International news agency Reuters on Wednesday reported from a source that the cargo was bought by HPCL-Mittal Energy Ltd (HMEL), a joint venture between State-run Hindustan Petroleum Corp and Indian steel tycoon LN Mittal.
The report states that HMEL operates a 226,000 barrel per day Bathinda refinery in the northern state of Punjab.
Reuters reported that the one-million-barrel cargo of Guyana’s Liza light sweet crude set sail from offshore Guyana on March 2 on the Marshall Islands-flagged tanker Sea Garnet bound for India’s Mundra port, where it is set to arrive around April 8. The cargo’s charterer is Trafigura, according to the Refinitiv Eikon data.
Natural Resources Minister Vickram Bharrat told Reuters this month that while he did not know the identity of the cargo’s ultimate buyer, the crude onboard the Sea Garnet had been originally allocated to New York-based Hess Corp, one of the companies producing crude in Guyana along with ExxonMobil Corp, and delivered to Trafigura.
In fact, Indian High Commissioner to Guyana, Dr KJ Srinivasa told Guyana Times that this was a commercial transaction between the companies involved, and as such, they were not privy to the details.
However, he believes that the cargo was Hess’ quota that was bought by HMEL from Trafigura. Reuters reported that Trafigura “declined to comment on commercial matters” and Hess “did not immediately reply to a request for comment”.
According to Dr Srinivasa, given the cargo size and the HMEL refinery’s capacity, “this will be enough for them only for four days”.
Further, when asked whether there would be another purchase of oil from Guyana, the Indian diplomat said: “These commercial transactions are always evolving… We can’t comment from High Commission which transactions are happening right now.”
Nevertheless, High Commissioner Srinivasa explained that this oil buy was part of India’s call to all its refiners – both State-run and private.
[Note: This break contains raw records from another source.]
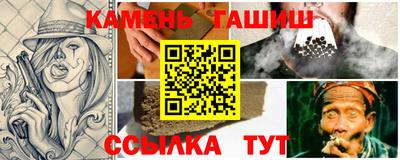 эйфоретик Рыбинск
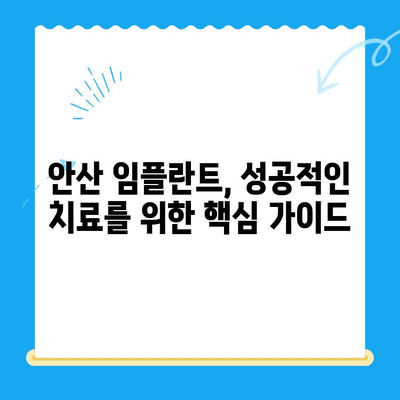 안산 임플란트 치과| 정확한 치료를 위한 선택 가이드 | 안산, 임플란트, 치과, 추천, 비용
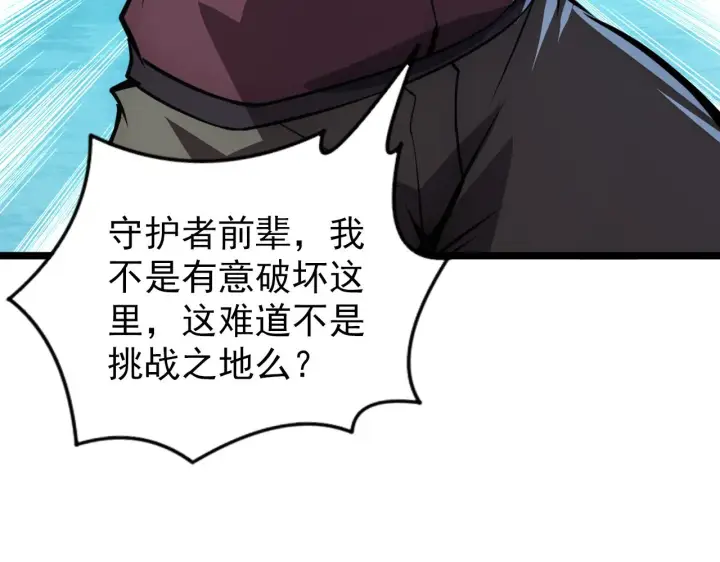 《从末世崛起》139 天剑的嘱托图52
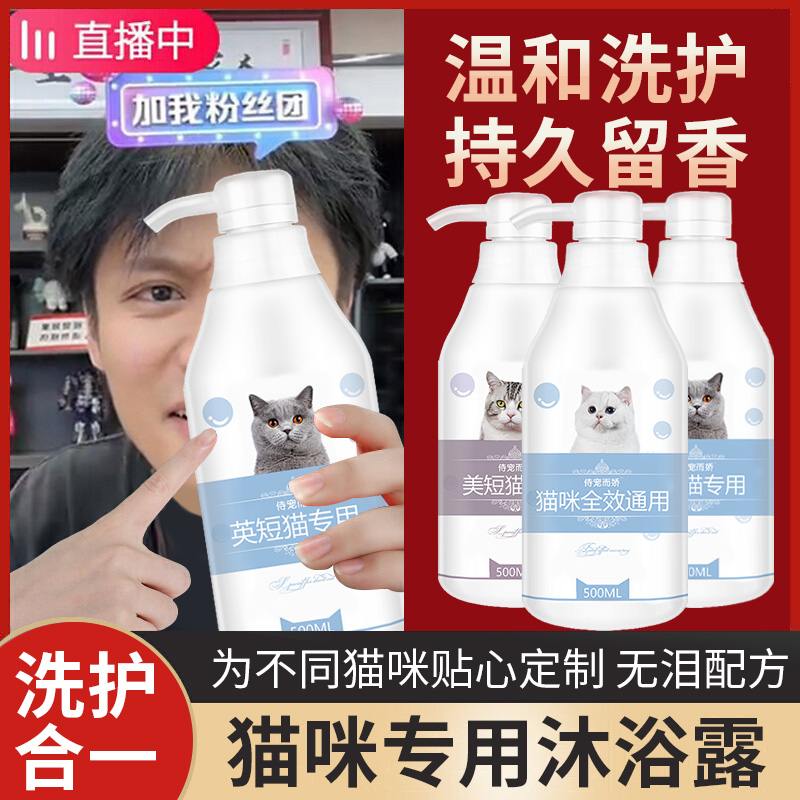 猫咪洗澡专用沐浴露猫猫杀菌除臭幼猫香波沐浴液宠物猫咪用品大全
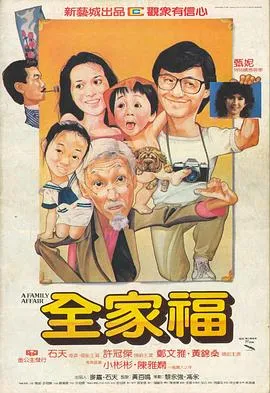 全家福国语在线观看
“The Government of India has asked the refiners to speed up the diversification of imports which will cut our dependence mainly from the Middle East and through all the OPEC+ [Organisation of Petroleum Exporting Countries-Plus] countries. So, basically, we’re trying to diversify and we’re trying to rekindle our partnership with other countries,” he noted.
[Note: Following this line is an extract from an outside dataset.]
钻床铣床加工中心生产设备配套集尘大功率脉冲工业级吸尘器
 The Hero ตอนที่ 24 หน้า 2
The Indian diplomat disclosed only recently his Government struck a big deal with Mexico for a short-term oil contract to help offset its existing high-priced long-term contracts. This is in addition to an existing “six million-tonne” contract with Mexico.
In fact, it was reported earlier this month that apart from Mexico, India was also in talks with Guyana for a short-term oil contract.
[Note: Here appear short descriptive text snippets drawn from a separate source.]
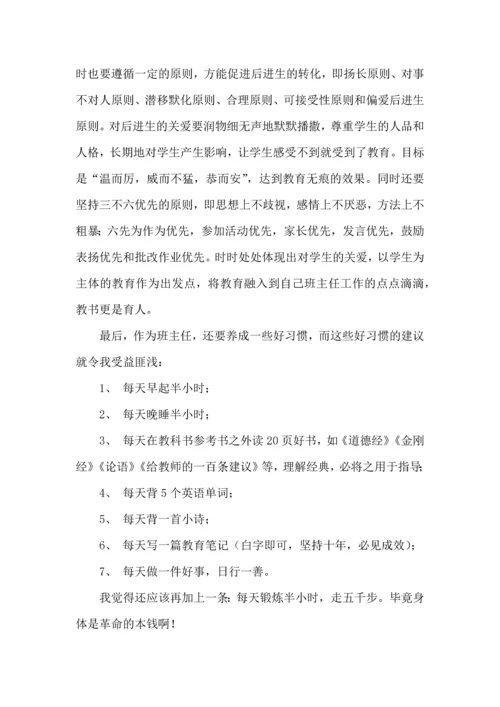 关于班主任培训心得体会模板锦集8篇.docx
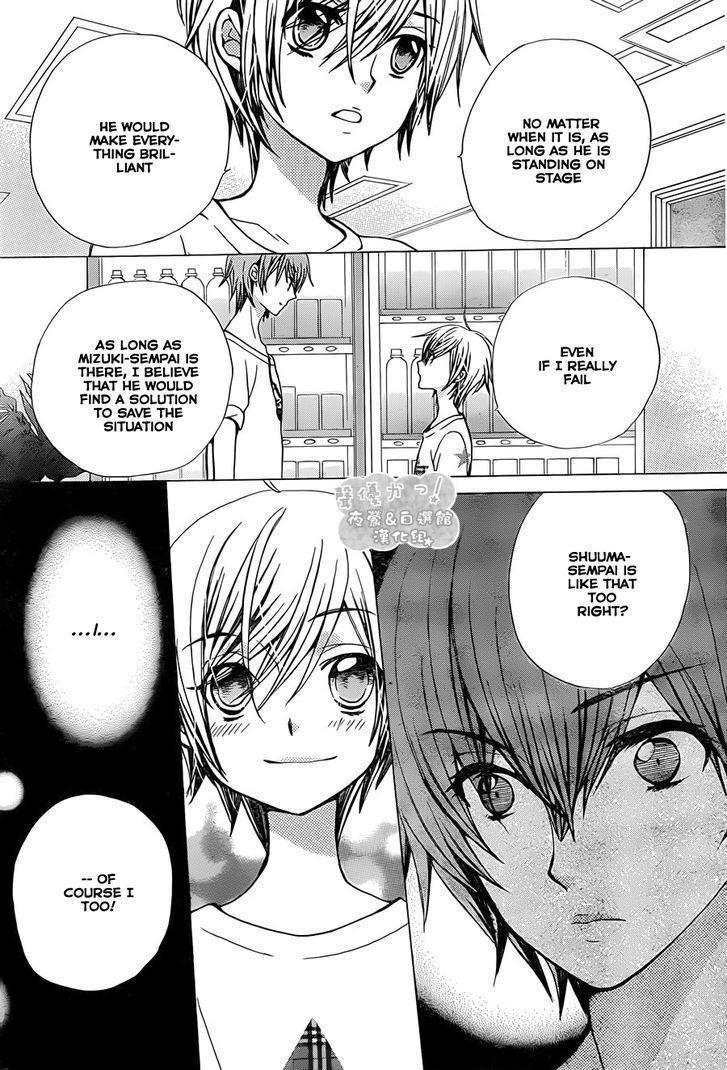 Seiyuu Ka! Chapter 60 page 14 - Chapter 60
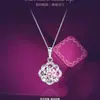 Collar Corea del Sur cadena corta clavícula circón flor de hibisco Yongsheng collar de trébol incrustado con diamantes joyería al por mayor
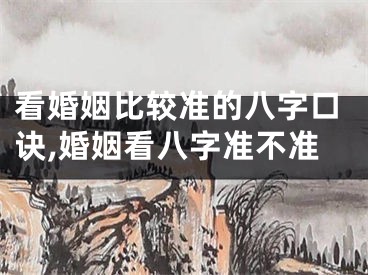 看婚姻比较准的八字口诀,婚姻看八字准不准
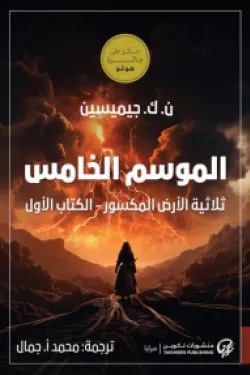 الموسم الخامس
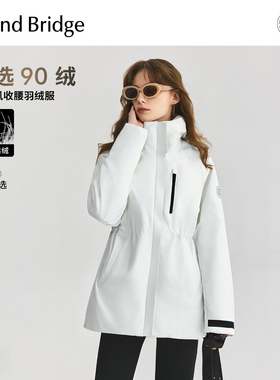 MindBridge2025年冬户外运动轻薄羽绒服女士工装收腰连帽保暖外套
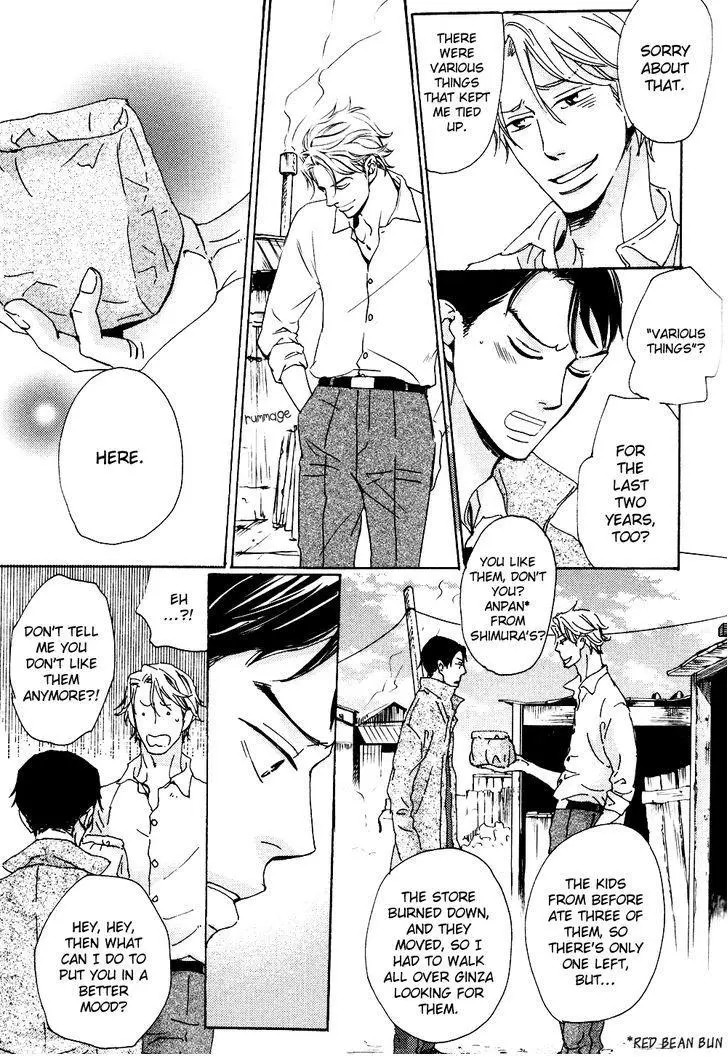 Ginza Neon Paradise - Chapter 1 Page 37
“You know, we are an energy-hungry nation. We import about 86 per cent of crude… And obviously, your Liza oil – “light sweet crude” are the words used – seems to be well suited for our refinery. We are working on various options now,” he noted.
Dr Srinivasa further reminded that India had expressed interest to buy Guyana’s share of oil through a Government-to-Government arrangement, which he pointed out would cut out any handling or commission fee. However, these talks are still ongoing.
India used to import a significant portion of its oil from Iran and Venezuela. However, the sanctions imposed by the United States on these two nations has resulted in a massive reduction of those imports.
“We stopped receiving crude imports from Venezuela for last three, four months now. Every day, we used to get close to about 375,000 bpd from Venezuela,” he noted.
According to the Reuters article, the OPEC’s share in India’s oil imports fell to historic lows between April 2020 and January 2021 after the body took a decision recently to extend production cuts through April.
Guyana, with US oil giant ExxonMobil as the operator, began producing oil on December 20, 2019 in the Stabroek Block. Guyana’s oil revenues are being banked in the New York Federal Reserve Bank, where it is earning interest.
To date, the country has received payments for five lifts of oil. The most recent payment was made earlier this month for a 997, 420-barrel oil lift in February from Liza Destiny. That lift was valued at US$61 million, taking the total amount received to date for Guyana’s share of oil to US$246.5 million.
Inclusive of royalties, the total in the Natural Resource Fund account now stands at US$267.6 million.
The Natural Resources Ministry reported that Guyana received its first payment of US$54.9 million for an oil lift dated February 19, 2020. Guyana’s second lift, on May 21, 2020, was valued at US$35 million. The third lift, which occurred on August 9, 2020, was valued at US$46 million, while the fourth lift occurred on December 9, 2020 and came in at US$49.4 million in value.